Press Secretary Sarah Sanders detailed her decision to retire from the White House on Thursday after she and the president announced the news.
“For me it’s been about my family, it always has been,” Sanders told White House reporters after the president recognized her service and announced her decision to leave.
She said she wanted to give the president time to get a new press secretary hired and in place in time for the 2020 election.
“I’ve loved every minute,” she said. “I know some people probably don’t buy that, but even the hard days are special.”
She called her time in the White House the “opportunity of the lifetime.”
She said the first thing she looked forward to was spending time with her children, who just got out of school for the summer.

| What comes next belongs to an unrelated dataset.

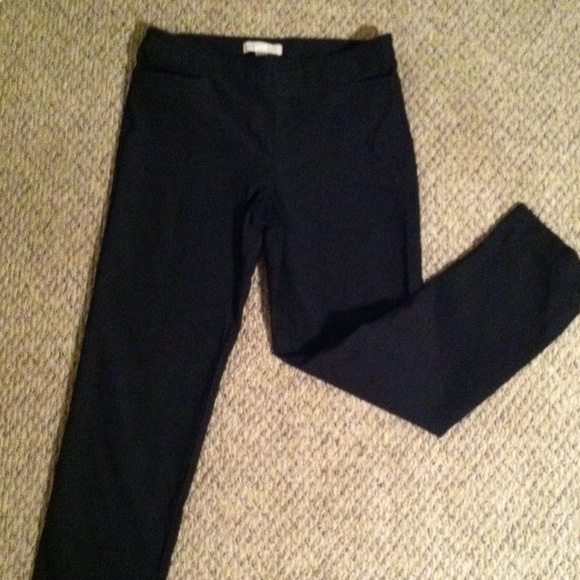 Laura Ashley black pants straight leg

“I look forward to going home,” she said, about her decision to return to Arkansas.
Sanders said she told the president the news earlier Tuesday.
“He couldn’t have been nicer, more supportive, more understanding, and more encouraging than he was,” she said.

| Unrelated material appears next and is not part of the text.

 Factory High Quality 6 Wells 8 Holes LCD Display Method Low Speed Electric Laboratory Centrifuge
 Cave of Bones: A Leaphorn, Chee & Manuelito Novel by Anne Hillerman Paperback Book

When asked by reporters if she regretted holding fewer press briefings, she replied, “No, I don’t.”
Sanders defended her role in the position of press secretary by pointing to the efforts she made to make sure that people heard from the president directly on a number of issues.
“I think it’s far more important for me to have played a role into facilitating direct contact with the president of the United States to the American people, to hear from him and in his voice, than it is to hear from me and mine. No one elected me to anything, they elected the president,” she said.
Sanders laughed when asked if she would consider running for governor, saying that she knew enough about politics not to rule out the possibility.
“My focus, walking away, is to spend more time with my family and to go home,” she said.